Closed jxthyatt closed 10 months ago
I notice that do_norm() is new function in datasets.py, which is different from FedEM code.
Hi, this is because we were evaluating our model on altering P(x) and P(y|x) (which is not included in the FedEM's code), it seems some part of the code is not updated correctly. Can I get back to you sometime next week? I am currently occupied.
Looking forward to it! Also, I have a new question: how to get "data/cifar10/all_data/PCA.pkl"?
Sorry for the late reply, I will upload them this week. Essentially these PCA files are extracted after perturbing P(X) and P(Y|X).
Hi, it seems it is not necessary to have the normalization layer. You can probably just comment it out, if the problem persists, please let me know! It may be due to the dimension manipulation. For the PCA, you can actually get these PCA.pkl files by uncommenting 42-72 lines to create these projections.
I will update the descriptions and code shortly after.
Run FedEM ==> Clients initialization.. ===> Building data iterators.. Traceback (most recent call last): File "run_experiment.py", line 244, in
run_experiment(args)
File "run_experiment.py", line 142, in run_experiment
clients = initclients(args,
File "run_experiment.py", line 31, in init_clients
get_loaders(
File "/mnt/traffic1/data/jxt/Personalized_Federated_Learning/FedGMM/utils/utils.py", line 375, in get_loaders
inputs, targets = get_cifar10(dist_shift, dp)

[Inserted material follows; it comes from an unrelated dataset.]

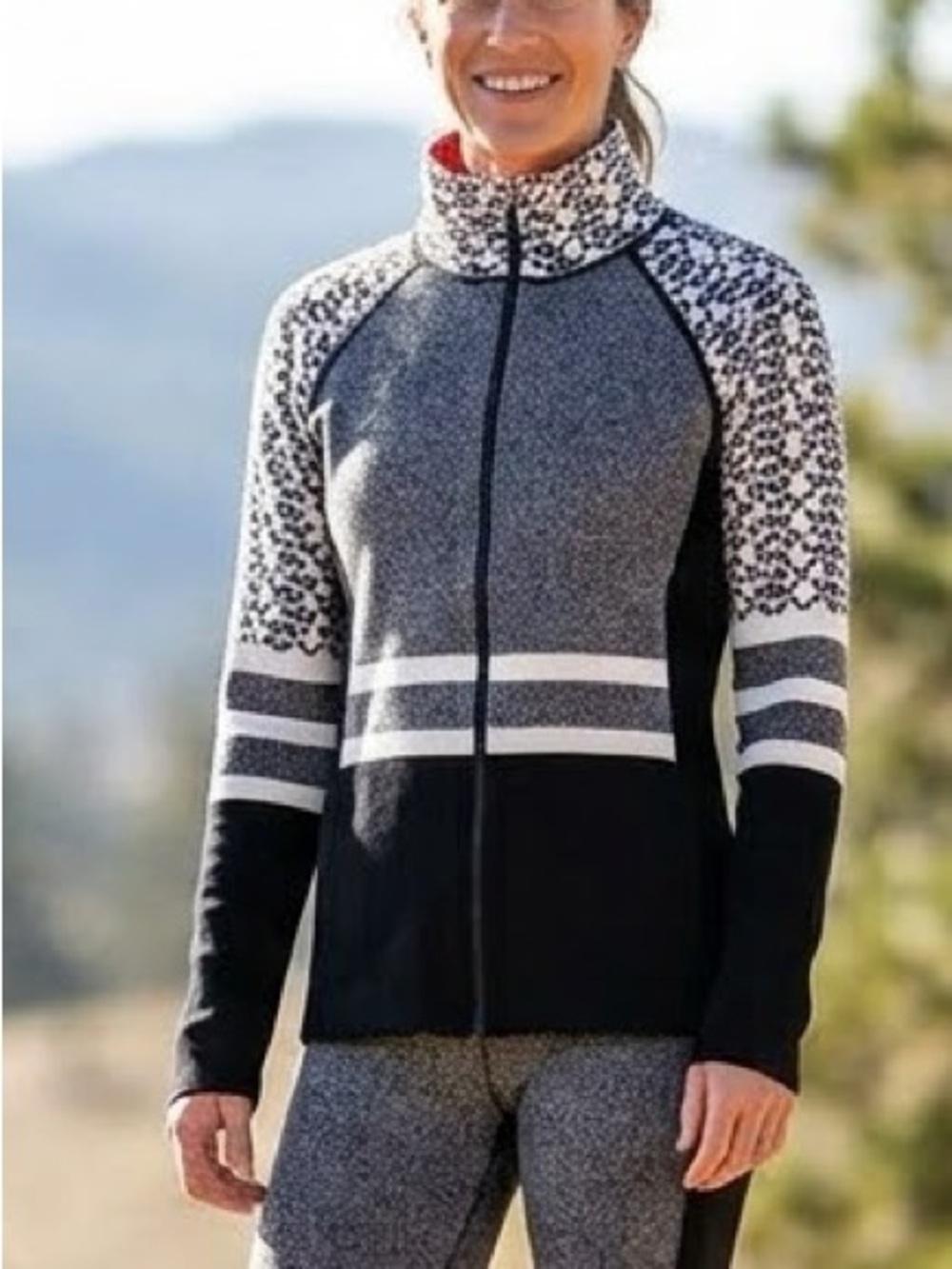 Title Nine Cotton & Wool Blend Full Zip Sweater Jacket Black White Size Large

File "/mnt/traffic1/data/jxt/Personalized_Federated_Learning/FedGMM/datasets.py", line 1170, in get_cifar10
cifar10_data = d_norm(cifar10_data)
File "/mnt/traffic/home/jxt/miniconda3/envs/FedGMM/lib/python3.8/site-packages/torch/nn/modules/module.py", line 889, in _callimpl
result = self.forward(*input, **kwargs)
File "/mnt/traffic/home/jxt/miniconda3/envs/FedGMM/lib/python3.8/site-packages/torchvision/transforms/transforms.py", line 221, in forward
return F.normalize(tensor, self.mean, self.std, self.inplace)
File "/mnt/traffic/home/jxt/miniconda3/envs/FedGMM/lib/python3.8/site-packages/torchvision/transforms/functional.py", line 336, in normalize
tensor.sub(mean).div_(std)
RuntimeError: The size of tensor a (32) must match the size of tensor b (3) at non-singleton dimension 1
I train on cifar10 dataset and have this problem.